Controverse devant la Cour canadienne de l'impôt

[14]            Une jurisprudence constante reconnaît depuis plus de quarante ans que le droit à une pension alimentaire lorsqu'établi par un tribunal est un "bien" au sens du paragraphe 248(1) de la Loi et que le revenu issu d'une telle pension constitue entre les mains de la personne qui la reçoit un revenu de bien (voir en particulier les affaires Jean Boos c. M.N.R. (1961), 27 Tax A.B.C. 283, La Reine c. Burgess, (supra); Bayer c. M.R.N., [1991] 2 C.T.C. 2304, Evans c. M.N.R., [1960] S.C.R. 391 et Sembinelli c. Canada, (supra).

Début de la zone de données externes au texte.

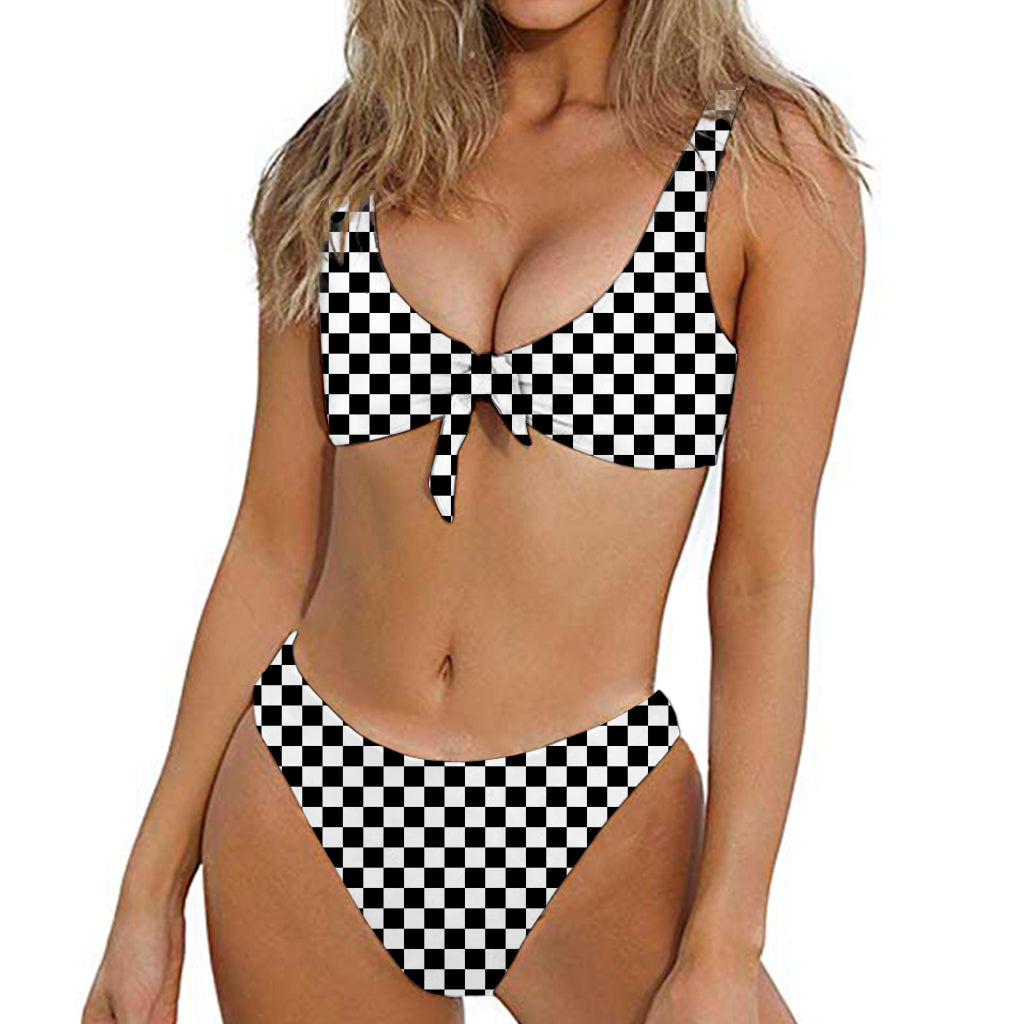 Black And White Checkered Pattern Print Front Bow Tie Bikini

[15]            La définition de biens à l'article 248(1) se lit comme suit :

« biens » . - « biens » Biens de toute nature, meubles ou immeubles, corporels ou incorporels, y compris, sans préjudice de la portée générale de ce qui précède:

a) les droits de quelque nature qu'ils soient, les actions ou parts;

b) à moins d'une intention contraire évidente, l'argent;

c) les avoirs forestiers;

d) les travaux en cours d'une entreprise qui est une profession libérale.

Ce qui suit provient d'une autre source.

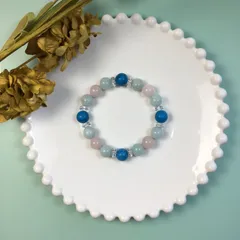 ターコイズ&アマゾナイト&ローズクォーツ パワーストーン ブレスレット メンズ レディース 男性 女性 幸運 開運  [13]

"property" means property of any kind whatever whether real or personal or corporeal or incorporeal and, without restricting the generality of the foregoing, includes

(a) a right of any kind whatever, a share or a chose in action,

(b) unless a contrary intention is evident, money,

(c) a timber resource property, and

(d) the work in progress of a business that is a profession;                                            

(Je souligne)


[16]            Ainsi, il est de jurisprudence constante que le revenu provenant d'une pension alimentaire est calculé en fonction du régime applicable au revenu tiré d'un bien (ou d'une entreprise) que l'on retrouve à la sous-section b de la Loi. Selon ce régime, une dépense encourue pour constituer une source de revenu est de nature capitale et sa déduction est prohibée (voir l'alinéa 18(1)b)). Par contre, une dépense encourue pour gagner un revenu issu de cette source (soit après qu'elle ait pris naissance), est dite "courante" et elle tombe sous l'exception prévue à l'alinéa 18(1)a) :

18(1) Dans le calcul du revenu du contribuable tiré d'une entreprise ou d'un bien, les éléments suivants ne sont pas déductibles :

[...]

a) les dépenses, sauf dans la mesure où elles ont été engagées ou effectuées par le contribuable en vue de tirer un revenu de l'entreprise ou du bien;

18(1) In computing the income of a taxpayer from a business or property no deduction shall be made in respect of

...

(a) an outlay or expense except to the extent that it was made or incurred by the taxpayer for the purpose of gaining or producing income from the business or property;

(Je souligne)

[17]            Ce régime, tel qu'il fut appliqué par les tribunaux au cours des années fait en sorte que dans la perspective du récipiendaire, une dépense qui a comme but de donner naissance au droit à une pension alimentaire est de nature capitale et ne peut donc être déduite. Par contre, une dépense encourue pour recouvrer un montant dû en vertu d'un droit déjà existant est de nature "courante" et peut donc être déduite.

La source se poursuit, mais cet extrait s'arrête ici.